I'm looking through it trying to find out how much of the budget is going to interest on the national debt as run up by the past four administrations. I just heard on the radio that the figure was around $1b. I wonder if there's a way to check that?
post #2 of 70


Here is what, in 2009, the WH projected the 2011 defcit to be... now it's going to be 1.267 Trillion fucking dollars. I love how one year later in projections it has increased over 500 billion dollars. This is also after increasing a mirad of taxes. Also, the deficit this year is going to be higher then the deficit last year, you know the year that he liked to claim was all Bush's fault and that's why it was a record breaking deficit... oh, until his budget kicked in, now this year is the record breaker.

So, to recap.

2010 deficit: = 1.565 Trillion
2011 deficit: = 1.267 Trillion

increase over $800 billion dollars.
post #3 of 70
Quote:
Originally Posted by yt View Post
The President has put the proposed budget online here.

I'm looking through it trying to find out how much of the budget is going to interest on the national debt as run up by the past four administrations. I just heard on the radio that the figure was around $1b. I wonder if there's a way to check that?


Year by year breakdown of interest owed on debt, this takes into account increase in interest rates over that time period but who is to say that is accurate..

ETA:

Here is a site that shows interest by month.
http://www.treasurydirect.gov/govt/r...ir_expense.htm

Also worth noting that the Obama administrations record breaking deficits require a huge amount of auctioning of debt, these debt auctions are mostly short term (they'd love to turn it into long term) so the money they're borrowing now will have to be paid earlier thus incresing that graph exponentially beyond anyones wild expectations.. just wait!! This shit's about to go into overdrive!

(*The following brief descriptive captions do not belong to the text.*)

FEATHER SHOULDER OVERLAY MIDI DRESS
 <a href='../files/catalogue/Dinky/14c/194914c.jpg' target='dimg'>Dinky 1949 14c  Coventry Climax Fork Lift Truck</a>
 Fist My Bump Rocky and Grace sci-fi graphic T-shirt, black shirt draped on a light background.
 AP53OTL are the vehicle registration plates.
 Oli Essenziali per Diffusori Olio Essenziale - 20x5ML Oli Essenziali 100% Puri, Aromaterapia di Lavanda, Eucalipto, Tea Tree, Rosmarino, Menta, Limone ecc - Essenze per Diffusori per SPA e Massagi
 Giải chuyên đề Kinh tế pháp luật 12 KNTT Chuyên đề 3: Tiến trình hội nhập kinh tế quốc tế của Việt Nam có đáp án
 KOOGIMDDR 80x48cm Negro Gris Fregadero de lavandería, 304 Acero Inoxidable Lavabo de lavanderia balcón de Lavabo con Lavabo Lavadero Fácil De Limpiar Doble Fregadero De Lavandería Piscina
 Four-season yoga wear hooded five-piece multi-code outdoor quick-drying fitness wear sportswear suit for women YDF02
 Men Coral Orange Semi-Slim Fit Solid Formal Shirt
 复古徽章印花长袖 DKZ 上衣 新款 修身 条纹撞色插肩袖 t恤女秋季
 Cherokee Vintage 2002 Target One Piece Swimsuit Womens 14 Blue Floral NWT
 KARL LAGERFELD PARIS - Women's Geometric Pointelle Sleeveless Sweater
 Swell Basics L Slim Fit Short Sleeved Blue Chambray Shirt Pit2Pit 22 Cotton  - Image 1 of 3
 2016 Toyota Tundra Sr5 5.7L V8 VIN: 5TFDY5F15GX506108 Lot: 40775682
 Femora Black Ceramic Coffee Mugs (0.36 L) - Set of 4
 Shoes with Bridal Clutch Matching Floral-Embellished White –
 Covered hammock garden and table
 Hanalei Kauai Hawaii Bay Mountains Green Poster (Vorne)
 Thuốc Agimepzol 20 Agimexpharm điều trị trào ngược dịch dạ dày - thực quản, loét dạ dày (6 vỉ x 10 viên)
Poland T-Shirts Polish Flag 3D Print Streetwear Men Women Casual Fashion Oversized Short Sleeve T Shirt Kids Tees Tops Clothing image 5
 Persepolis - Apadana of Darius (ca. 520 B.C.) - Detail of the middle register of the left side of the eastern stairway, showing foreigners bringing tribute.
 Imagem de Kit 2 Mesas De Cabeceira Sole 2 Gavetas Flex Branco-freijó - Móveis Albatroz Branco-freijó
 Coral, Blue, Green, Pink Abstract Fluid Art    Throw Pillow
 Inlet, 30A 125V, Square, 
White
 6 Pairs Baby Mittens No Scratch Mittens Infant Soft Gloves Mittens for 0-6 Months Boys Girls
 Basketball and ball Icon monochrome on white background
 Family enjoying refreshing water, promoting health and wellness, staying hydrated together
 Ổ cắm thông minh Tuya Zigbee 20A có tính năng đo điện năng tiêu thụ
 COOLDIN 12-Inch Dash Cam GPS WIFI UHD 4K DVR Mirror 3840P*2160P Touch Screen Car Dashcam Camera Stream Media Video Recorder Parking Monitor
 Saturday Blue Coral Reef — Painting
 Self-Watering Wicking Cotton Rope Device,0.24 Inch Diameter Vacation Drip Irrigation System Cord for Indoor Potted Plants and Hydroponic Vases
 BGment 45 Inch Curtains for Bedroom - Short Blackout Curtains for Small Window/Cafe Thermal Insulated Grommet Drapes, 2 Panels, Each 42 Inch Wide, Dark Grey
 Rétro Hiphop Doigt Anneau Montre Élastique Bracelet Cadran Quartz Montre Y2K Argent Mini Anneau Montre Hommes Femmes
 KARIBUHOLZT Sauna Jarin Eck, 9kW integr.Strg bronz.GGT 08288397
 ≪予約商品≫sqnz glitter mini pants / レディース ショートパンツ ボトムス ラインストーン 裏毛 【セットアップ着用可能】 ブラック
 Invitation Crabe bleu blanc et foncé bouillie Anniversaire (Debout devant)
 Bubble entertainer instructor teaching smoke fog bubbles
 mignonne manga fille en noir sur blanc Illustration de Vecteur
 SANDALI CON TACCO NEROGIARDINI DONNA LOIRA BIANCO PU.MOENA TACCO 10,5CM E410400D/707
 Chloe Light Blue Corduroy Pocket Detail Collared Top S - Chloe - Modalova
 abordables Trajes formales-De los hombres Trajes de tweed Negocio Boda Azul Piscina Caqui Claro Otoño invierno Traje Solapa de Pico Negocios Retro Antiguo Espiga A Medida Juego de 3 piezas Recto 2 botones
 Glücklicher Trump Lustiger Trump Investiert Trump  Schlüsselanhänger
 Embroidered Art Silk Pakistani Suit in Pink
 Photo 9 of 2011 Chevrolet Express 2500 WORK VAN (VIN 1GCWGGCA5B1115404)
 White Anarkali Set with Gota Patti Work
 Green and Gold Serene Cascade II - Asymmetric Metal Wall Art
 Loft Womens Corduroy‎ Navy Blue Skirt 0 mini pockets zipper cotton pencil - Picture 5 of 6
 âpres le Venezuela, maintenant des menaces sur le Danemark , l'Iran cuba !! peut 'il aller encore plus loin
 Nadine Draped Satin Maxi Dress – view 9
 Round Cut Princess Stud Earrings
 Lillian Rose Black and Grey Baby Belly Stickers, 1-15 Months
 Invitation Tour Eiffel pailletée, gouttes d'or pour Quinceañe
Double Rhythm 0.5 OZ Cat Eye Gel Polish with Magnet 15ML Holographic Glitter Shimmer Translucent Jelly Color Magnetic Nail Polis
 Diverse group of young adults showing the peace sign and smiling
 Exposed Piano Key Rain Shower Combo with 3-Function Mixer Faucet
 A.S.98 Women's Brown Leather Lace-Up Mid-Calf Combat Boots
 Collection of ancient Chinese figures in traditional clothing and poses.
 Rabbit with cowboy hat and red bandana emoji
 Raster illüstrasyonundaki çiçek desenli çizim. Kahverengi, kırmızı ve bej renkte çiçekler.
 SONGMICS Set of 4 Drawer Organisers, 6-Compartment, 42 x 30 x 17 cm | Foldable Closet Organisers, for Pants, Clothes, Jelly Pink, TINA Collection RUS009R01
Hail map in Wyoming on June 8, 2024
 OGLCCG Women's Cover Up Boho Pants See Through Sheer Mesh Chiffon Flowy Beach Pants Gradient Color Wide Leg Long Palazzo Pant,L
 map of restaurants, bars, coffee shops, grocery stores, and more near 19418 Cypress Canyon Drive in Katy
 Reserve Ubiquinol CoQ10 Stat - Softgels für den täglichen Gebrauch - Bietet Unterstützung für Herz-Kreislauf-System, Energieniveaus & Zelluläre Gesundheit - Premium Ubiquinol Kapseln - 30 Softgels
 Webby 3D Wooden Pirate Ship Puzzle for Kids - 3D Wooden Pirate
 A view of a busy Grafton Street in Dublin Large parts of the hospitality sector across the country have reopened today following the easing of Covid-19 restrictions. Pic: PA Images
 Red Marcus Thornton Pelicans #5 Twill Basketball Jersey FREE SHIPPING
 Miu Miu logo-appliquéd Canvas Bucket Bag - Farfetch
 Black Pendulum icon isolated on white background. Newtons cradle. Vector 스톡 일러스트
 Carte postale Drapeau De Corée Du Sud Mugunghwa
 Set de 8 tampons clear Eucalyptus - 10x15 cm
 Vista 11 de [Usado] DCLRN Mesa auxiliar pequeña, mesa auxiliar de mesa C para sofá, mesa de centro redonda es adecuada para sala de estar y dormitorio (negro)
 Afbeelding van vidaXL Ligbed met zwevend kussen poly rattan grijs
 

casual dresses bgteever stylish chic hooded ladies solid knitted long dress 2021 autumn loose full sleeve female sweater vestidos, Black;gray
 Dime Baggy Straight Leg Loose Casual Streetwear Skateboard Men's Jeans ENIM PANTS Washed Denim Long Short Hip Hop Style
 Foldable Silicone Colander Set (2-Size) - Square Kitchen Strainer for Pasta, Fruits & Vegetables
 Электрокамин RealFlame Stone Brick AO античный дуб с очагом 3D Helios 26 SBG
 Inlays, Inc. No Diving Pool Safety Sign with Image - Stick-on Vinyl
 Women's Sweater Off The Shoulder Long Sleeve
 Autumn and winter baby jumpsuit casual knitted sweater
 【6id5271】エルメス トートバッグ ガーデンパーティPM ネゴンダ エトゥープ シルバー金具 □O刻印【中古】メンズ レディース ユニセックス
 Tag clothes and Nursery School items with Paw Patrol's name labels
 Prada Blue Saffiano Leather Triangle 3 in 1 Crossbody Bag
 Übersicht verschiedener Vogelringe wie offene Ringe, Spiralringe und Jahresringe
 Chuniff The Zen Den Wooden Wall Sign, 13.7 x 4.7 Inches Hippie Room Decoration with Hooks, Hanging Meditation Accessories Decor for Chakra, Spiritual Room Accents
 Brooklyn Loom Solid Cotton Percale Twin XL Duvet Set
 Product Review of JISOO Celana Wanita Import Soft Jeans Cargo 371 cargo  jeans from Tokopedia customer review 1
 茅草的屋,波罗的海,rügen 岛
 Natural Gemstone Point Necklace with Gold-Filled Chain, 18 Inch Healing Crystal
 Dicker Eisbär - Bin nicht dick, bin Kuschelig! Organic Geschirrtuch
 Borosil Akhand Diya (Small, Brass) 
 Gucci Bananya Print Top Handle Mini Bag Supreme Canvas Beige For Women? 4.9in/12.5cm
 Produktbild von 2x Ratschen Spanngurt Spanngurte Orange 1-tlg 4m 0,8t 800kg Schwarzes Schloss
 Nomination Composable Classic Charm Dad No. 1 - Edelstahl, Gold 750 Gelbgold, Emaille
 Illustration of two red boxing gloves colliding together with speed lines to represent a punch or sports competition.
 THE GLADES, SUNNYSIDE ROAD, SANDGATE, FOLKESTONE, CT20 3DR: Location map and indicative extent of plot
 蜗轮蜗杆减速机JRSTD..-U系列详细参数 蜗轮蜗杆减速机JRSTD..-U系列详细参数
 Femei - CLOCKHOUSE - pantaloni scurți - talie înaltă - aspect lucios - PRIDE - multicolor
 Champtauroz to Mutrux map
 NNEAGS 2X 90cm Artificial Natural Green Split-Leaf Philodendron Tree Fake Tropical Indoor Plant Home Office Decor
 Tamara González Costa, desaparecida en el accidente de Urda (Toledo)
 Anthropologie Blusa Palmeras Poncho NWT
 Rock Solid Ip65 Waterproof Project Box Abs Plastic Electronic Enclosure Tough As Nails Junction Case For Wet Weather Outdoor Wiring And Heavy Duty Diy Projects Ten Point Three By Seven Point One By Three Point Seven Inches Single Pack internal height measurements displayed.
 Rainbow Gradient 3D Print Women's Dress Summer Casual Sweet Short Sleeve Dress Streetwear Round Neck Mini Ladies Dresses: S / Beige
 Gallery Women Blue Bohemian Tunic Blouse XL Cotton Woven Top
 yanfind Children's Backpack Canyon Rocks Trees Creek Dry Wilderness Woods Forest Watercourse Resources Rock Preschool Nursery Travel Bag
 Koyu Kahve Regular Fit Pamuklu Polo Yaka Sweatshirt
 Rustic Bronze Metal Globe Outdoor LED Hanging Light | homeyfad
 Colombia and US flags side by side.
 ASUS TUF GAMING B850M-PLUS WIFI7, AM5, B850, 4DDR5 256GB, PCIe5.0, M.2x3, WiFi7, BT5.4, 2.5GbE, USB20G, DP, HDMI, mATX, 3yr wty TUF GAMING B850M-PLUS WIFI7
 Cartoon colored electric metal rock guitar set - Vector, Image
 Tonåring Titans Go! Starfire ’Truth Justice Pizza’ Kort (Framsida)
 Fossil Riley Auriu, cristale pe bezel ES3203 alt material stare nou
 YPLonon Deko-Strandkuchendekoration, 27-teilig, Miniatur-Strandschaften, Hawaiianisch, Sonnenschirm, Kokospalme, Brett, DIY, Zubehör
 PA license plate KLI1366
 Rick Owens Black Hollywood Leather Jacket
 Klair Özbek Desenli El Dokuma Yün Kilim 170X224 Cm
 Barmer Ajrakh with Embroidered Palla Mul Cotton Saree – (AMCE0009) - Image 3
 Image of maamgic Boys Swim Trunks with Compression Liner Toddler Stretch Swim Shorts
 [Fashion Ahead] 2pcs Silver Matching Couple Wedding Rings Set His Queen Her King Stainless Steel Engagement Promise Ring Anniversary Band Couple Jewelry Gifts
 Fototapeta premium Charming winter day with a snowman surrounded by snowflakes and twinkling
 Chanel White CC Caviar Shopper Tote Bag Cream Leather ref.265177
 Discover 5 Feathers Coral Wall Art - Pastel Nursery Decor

Here's a search engine for you to figure out what type of debt the government has been selling, if you haven't been paying attention.

http://www.treasurydirect.gov/RI/OFA...ction&x=21&y=8
post #4 of 70
Quote:
Originally Posted by Snaieke View Post
So, to recap.

2010 deficit: = 1.565 Trillion
2011 deficit: = 1.267 Trillion

increase over $800 billion dollars.
Math ain't your strong point, is it?
post #5 of 70
Oh my God. Really?
post #6 of 70
Quote:
Originally Posted by Richard Dickson View Post
Math ain't your strong point, is it?
For those of you that didn't get a degree at a higher learning center, or you know... high school.

WH 09 predictions
2010 deficit: 1.2 trillion
WH 10 predictions
2010 deficit: 1.567 trillion
difference + $300 bn (note the 67)

wh 09 predictions
2011 deficit: $830 bn
WH 10 predictions
2011 deficit: 1.267 trillion
difference + $400 billion '(note the 37 difference)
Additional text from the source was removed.